Can a sponsor sue an author for
messages posted on the sponsor's Web site?
Many sponsors have provisions in their
policies that purport to have authors who violate their policies
indemnify the sponsor for any liability for their infractions.
However, there are no written contracts between authors and
sponsors - and there are very few cases of a sponsor suing
an author.
E. Deciding Whether
to Unmask an Author
What risks does a company face if it tries
to unmask an author?
If the author probably is an employee,
a company should evaluate the potential impact on suing an
employee on the morale of the other employees: will the employer
be perceived as using "Gestapo" tactics?
Companies also should be prepared for negative
media coverage - since privacy and free speech on the Internet
are timely and sensitive topics. Online privacy advocates
have aligned themselves with John and Jane Does - and these
advocates know how to leverage the power of the media.
In addition, some jurisdictions have anti-SLAPP
statutes that may be the basis for an author to preserve its
anonymity - if the author can show that the lawsuit likely
is frivolous. These statutes are meant to prevent litigation
designed to stifle public debate - and often apply to John
Doe suits. See more @ lawsuits to unmask authors.
Source: The
Electronic Privacy Information Center (also known as the Electronic
Frontier Foundation (www.eff.org) and the American Civil Liberties
Union (www.aclu.org) are quite active in helping John and
Jane Does preserve their anonymity in these lawsuits.

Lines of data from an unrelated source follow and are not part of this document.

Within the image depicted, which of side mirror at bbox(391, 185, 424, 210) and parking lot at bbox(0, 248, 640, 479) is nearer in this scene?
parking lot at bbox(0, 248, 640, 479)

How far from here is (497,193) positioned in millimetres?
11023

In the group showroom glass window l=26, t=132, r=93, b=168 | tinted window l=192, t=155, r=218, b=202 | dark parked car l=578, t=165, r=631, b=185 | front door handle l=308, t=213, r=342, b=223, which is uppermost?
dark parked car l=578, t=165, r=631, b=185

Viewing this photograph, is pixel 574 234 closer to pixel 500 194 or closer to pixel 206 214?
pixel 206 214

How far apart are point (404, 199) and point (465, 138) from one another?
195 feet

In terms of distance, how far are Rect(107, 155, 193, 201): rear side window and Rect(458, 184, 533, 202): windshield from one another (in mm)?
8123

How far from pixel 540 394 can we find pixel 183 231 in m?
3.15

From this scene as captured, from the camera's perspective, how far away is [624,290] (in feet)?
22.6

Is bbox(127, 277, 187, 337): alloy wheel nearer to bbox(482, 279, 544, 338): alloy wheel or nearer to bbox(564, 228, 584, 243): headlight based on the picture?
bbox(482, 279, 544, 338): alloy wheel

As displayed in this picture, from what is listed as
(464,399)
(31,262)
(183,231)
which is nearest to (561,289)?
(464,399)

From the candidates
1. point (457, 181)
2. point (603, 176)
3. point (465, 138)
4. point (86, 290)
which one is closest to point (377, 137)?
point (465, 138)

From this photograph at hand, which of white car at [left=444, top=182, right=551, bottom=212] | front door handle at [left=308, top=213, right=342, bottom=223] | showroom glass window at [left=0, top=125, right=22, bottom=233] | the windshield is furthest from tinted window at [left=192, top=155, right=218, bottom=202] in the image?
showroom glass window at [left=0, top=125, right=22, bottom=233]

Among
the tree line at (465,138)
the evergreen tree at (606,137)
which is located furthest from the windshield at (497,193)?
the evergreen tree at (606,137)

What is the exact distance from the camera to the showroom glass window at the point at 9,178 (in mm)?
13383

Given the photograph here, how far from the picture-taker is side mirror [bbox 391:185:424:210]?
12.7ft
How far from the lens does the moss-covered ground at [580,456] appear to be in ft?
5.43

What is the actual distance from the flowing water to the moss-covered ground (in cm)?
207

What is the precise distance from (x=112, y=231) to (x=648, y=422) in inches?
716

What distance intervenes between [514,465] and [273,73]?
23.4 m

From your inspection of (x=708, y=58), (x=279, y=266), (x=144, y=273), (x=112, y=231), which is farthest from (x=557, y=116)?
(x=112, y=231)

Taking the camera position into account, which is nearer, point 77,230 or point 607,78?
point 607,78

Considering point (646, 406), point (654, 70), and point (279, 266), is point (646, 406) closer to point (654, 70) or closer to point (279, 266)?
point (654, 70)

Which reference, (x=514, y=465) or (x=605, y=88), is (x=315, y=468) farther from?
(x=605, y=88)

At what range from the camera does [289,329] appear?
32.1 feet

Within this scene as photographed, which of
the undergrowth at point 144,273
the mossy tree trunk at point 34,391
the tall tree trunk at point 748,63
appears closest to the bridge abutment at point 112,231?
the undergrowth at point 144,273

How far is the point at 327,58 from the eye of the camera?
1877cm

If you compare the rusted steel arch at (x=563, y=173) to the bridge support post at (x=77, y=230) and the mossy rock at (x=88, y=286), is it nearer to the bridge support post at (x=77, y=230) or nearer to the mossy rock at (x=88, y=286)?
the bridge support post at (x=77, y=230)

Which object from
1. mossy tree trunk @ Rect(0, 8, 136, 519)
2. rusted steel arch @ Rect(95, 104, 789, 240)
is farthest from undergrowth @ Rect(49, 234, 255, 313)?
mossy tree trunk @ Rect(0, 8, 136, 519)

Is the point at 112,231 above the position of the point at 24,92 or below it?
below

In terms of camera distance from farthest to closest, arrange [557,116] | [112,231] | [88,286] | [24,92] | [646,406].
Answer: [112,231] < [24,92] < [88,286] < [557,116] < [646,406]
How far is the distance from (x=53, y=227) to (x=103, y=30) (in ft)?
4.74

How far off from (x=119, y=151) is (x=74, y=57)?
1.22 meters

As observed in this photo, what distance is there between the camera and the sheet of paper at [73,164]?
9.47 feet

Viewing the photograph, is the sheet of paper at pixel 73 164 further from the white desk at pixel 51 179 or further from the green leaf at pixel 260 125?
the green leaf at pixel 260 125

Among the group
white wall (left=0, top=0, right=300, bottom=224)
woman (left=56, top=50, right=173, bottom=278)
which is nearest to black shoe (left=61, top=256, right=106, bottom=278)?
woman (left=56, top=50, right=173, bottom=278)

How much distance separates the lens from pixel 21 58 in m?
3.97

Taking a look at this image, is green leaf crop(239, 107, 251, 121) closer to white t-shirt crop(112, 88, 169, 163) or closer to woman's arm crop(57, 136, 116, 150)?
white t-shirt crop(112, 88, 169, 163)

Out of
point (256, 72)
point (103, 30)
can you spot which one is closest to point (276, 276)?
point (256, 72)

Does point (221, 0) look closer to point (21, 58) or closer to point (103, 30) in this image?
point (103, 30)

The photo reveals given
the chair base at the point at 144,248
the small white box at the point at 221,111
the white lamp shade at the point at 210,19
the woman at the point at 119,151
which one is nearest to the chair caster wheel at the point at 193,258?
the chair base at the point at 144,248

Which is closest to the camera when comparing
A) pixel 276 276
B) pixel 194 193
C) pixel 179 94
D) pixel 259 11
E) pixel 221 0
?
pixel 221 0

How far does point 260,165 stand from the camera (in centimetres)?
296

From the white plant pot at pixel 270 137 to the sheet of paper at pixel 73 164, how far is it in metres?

What risks does a company face if
it files a lawsuit to unmask an author?
Litigation costs - and a higher likelihood
that the media will cover the matter and that third parties
will get involved, such as online privacy advocates.
If a court finds that the case is frivolous
- companies may be hit with sanctions and pay the author's
attorney fees. Courts often levy these if a lawsuit is filed
on mere suspicion - since the judicial system is not supposed
to be used to engage in "fishing expeditions" (i.e. lawsuit
filed merely to obtain subpoenas to determine that a tort
in fact has been committed).
Source: One
Web site is devoted to anonymous author rights, www.johndoes.org.

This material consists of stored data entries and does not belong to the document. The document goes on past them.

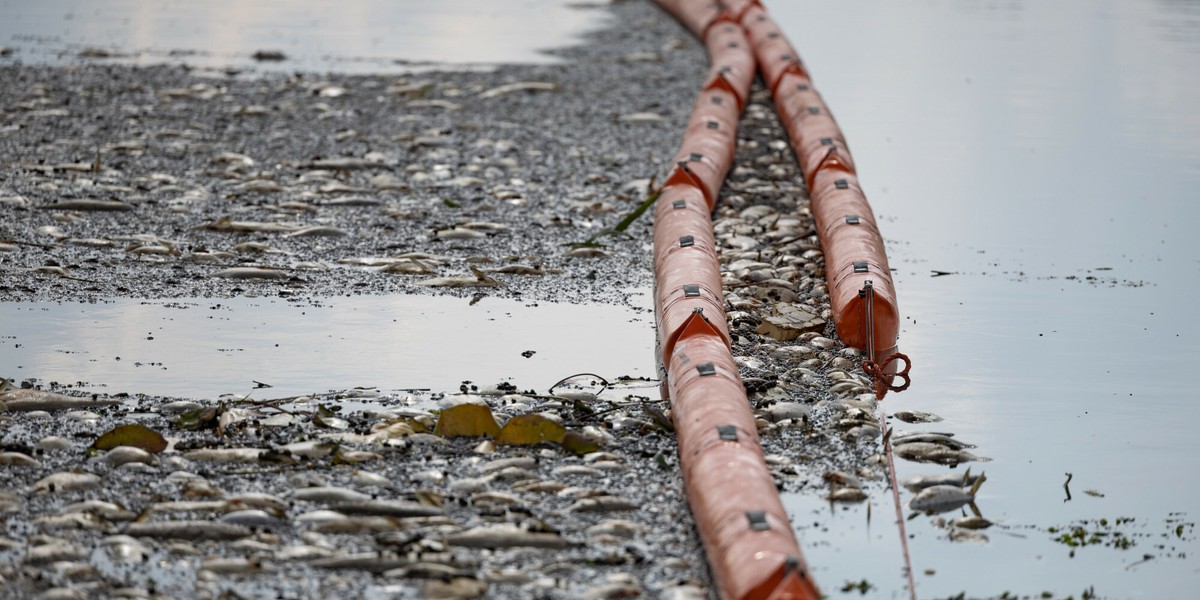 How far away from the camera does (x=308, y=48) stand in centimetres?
1808

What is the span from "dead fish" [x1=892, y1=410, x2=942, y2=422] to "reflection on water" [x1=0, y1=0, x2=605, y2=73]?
10412mm

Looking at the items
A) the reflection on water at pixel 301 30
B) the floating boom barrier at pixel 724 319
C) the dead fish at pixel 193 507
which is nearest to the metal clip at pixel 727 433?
the floating boom barrier at pixel 724 319

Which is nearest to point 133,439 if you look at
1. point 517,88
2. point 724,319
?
point 724,319

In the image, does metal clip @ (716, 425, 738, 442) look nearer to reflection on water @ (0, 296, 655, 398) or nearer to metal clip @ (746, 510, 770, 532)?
metal clip @ (746, 510, 770, 532)

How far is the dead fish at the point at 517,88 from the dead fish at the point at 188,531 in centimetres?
1001

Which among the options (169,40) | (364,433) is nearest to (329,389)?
(364,433)

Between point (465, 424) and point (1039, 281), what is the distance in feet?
15.2

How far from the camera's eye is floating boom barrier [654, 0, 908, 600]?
5.36 meters

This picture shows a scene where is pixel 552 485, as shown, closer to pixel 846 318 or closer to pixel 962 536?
pixel 962 536

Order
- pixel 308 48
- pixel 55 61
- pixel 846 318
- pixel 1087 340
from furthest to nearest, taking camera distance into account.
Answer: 1. pixel 308 48
2. pixel 55 61
3. pixel 1087 340
4. pixel 846 318

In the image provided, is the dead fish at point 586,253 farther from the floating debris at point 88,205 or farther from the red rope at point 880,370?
the floating debris at point 88,205

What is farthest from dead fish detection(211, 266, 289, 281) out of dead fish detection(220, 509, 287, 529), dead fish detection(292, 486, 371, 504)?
dead fish detection(220, 509, 287, 529)

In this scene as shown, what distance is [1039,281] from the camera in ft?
32.5

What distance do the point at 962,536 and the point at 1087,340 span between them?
3.03 m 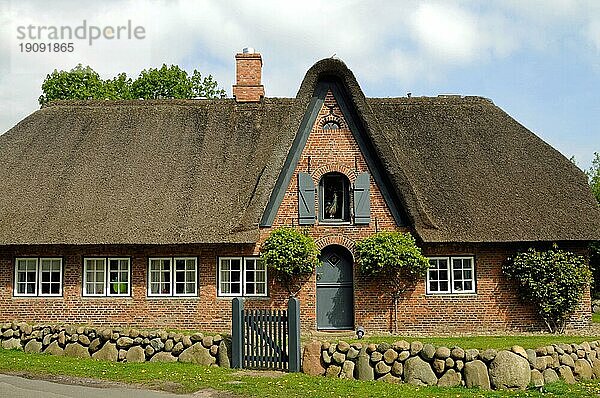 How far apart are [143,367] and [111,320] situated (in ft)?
19.9

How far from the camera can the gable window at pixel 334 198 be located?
64.5ft

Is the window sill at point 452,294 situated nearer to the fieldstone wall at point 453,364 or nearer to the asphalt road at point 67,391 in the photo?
the fieldstone wall at point 453,364

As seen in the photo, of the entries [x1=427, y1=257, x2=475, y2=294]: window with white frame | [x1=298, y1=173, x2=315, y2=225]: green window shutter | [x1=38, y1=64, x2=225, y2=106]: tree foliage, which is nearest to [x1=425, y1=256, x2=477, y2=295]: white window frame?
[x1=427, y1=257, x2=475, y2=294]: window with white frame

In addition, Yahoo Clubs! has a John Does Club (that had 98
members in Spring 2000) where messages regarding related lawsuits
are posted and online chats and conferences regarding unmasking
authors are promoted at clubs.yahoo.com/clubs/johndoes.

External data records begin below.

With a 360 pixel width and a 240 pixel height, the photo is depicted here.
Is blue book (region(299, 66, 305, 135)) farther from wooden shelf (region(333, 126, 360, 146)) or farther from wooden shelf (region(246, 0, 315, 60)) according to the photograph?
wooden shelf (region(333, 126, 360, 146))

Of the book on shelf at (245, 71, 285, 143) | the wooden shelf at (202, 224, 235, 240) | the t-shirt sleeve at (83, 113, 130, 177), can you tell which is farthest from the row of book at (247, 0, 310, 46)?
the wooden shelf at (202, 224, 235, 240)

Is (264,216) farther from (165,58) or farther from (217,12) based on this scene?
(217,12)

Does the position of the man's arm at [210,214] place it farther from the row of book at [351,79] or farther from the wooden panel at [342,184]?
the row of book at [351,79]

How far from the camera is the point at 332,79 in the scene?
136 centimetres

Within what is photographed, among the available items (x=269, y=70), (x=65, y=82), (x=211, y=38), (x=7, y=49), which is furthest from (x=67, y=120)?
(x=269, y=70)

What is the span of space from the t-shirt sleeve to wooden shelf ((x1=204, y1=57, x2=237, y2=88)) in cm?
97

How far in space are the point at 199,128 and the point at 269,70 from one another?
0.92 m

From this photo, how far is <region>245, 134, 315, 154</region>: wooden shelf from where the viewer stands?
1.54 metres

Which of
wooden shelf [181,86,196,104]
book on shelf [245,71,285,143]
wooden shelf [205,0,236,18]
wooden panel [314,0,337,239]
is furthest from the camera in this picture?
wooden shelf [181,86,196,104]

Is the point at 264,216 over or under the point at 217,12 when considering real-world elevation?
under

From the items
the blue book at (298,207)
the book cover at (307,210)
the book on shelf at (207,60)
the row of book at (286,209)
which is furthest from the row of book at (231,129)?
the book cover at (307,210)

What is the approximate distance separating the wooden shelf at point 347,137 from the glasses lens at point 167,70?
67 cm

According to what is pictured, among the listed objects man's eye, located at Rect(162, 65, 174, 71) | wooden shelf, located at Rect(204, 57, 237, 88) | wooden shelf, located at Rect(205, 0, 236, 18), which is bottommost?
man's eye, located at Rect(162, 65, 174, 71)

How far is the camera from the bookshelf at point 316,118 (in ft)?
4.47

Which companies have filed lawsuits
to unmask an author?
Reportedly, over 200 companies have filed
these lawsuits.
For example, in early 1999, Raytheon filed
a highly publicized John Doe breach-of-contract suit and sought
to identify 21 anonymous authors whom company officials believed
were employees.
After learning that some of the authors
did indeed work for the company, Raytheon dropped the suit
and opted instead to handle the matter internally - and eventually
3 employees left the company. One year later, the "Raytheon
21" still communicate on the Web and it's reported that the
widespread publicity of the lawsuit impacted employee morale
at Raytheon for some time.
Source:
This incident is discussed in "Raytheon
Employees Resign in Wake of Lawsuit Protesting Internet Postings,"
Wall Street Journal (April 5, 1999). The complaint filed in
Raytheon Co. v. John Does 1-21, a/k/a "AT_THE_EDGE," Mass.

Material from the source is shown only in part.